* [Exercise aim]
Please copy the lines below, exactly as they are, from the one with "Flugroute Rettungshubschrauber Dalkendorf" through the one with "CELULAR VIVO Y36", and leave out the pictures.

(Beginning of Data to examine)

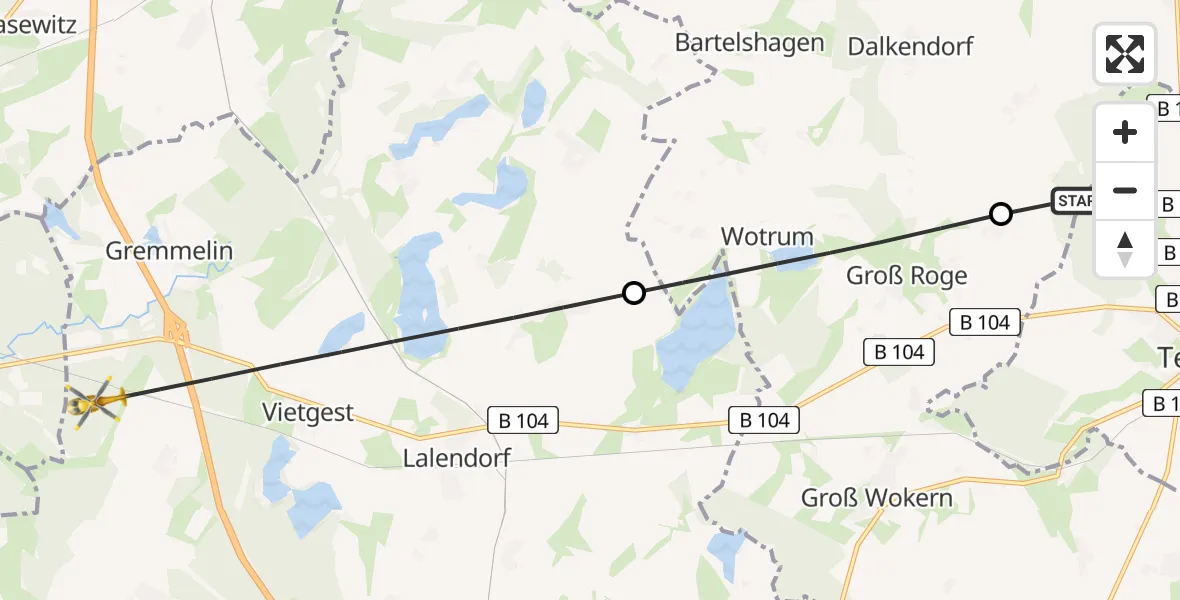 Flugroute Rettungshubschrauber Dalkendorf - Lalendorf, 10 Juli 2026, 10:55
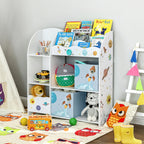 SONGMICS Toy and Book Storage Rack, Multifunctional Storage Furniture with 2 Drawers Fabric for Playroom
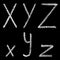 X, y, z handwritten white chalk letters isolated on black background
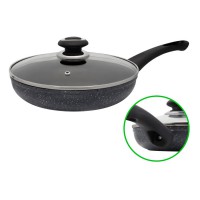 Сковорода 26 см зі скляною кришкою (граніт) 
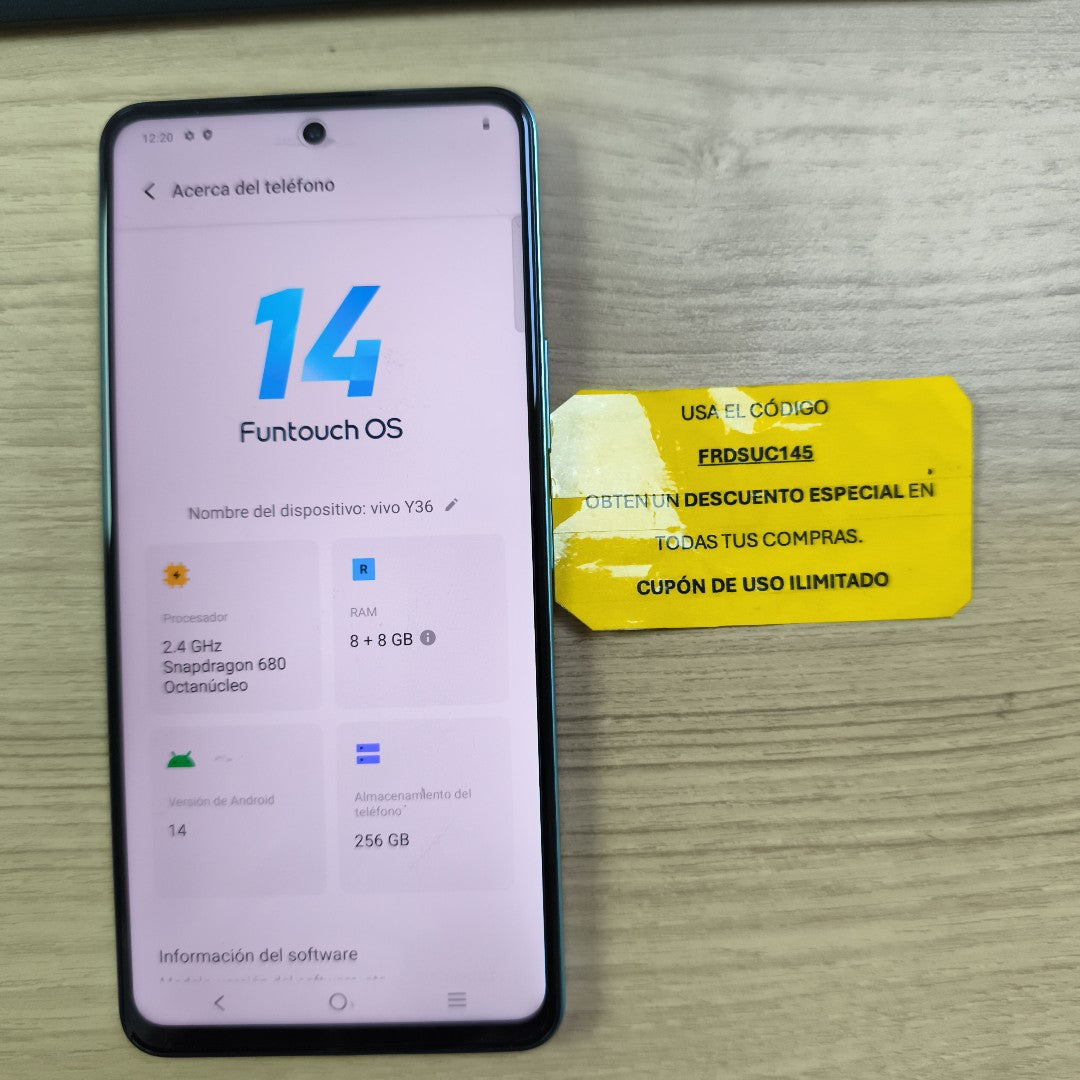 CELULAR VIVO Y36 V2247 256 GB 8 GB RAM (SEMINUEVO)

(End of Data to examine)
(Beginning of Data to examine)

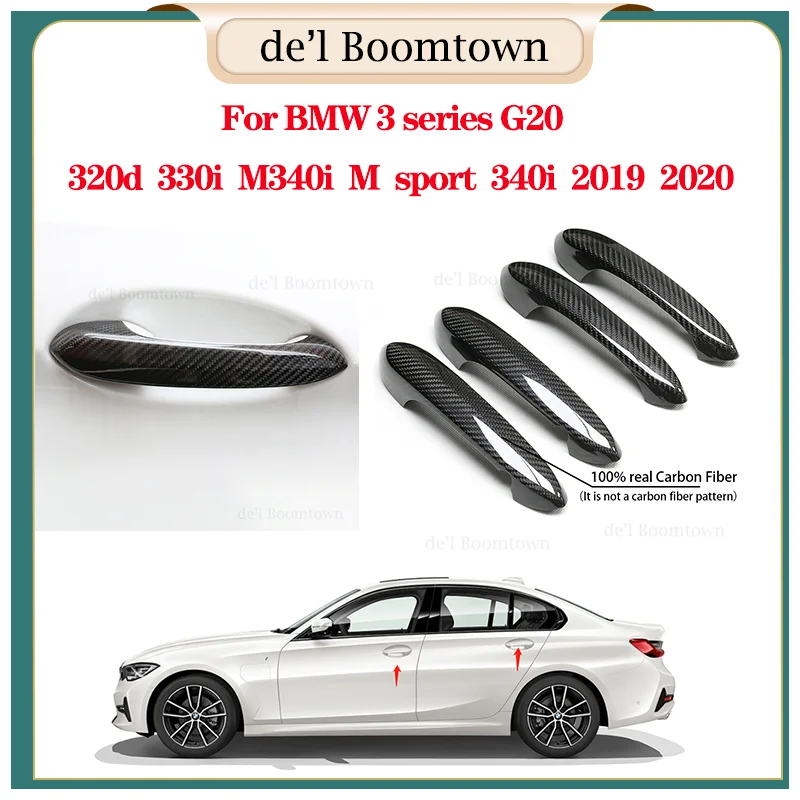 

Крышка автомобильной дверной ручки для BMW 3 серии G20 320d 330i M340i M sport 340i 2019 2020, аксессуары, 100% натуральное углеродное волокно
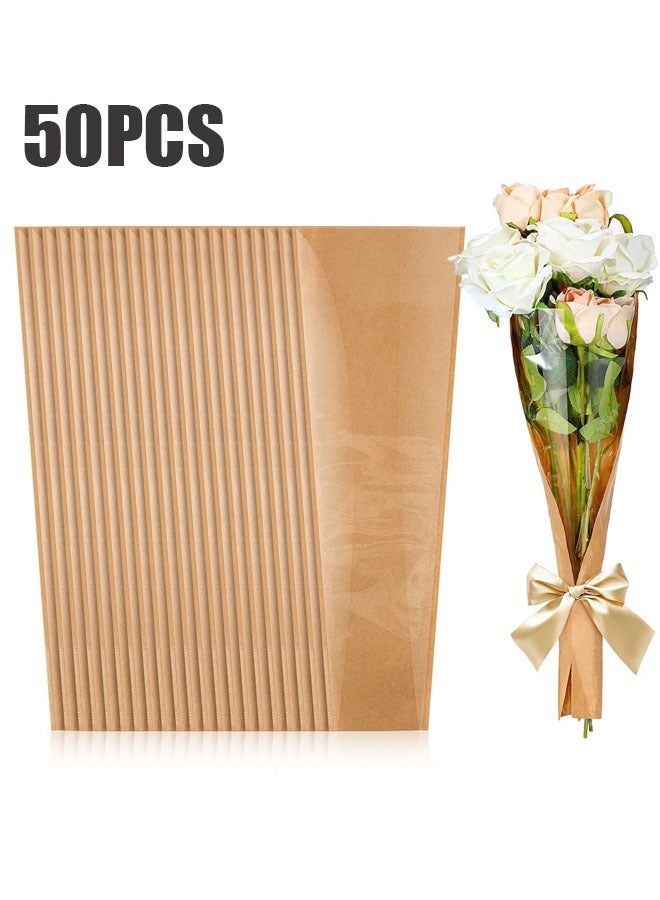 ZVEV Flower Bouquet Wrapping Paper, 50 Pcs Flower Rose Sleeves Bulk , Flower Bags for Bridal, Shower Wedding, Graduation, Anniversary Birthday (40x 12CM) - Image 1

(End of Data to examine)

* [Answer space]
 Flugroute Rettungshubschrauber Dalkendorf - Lalendorf, 10 Juli 2026, 10:55
 SONGMICS Toy and Book Storage Rack, Multifunctional Storage Furniture with 2 Drawers Fabric for Playroom
 X, y, z handwritten white chalk letters isolated on black background
 Сковорода 26 см зі скляною кришкою (граніт) 
 CELULAR VIVO Y36 V2247 256 GB 8 GB RAM (SEMINUEVO)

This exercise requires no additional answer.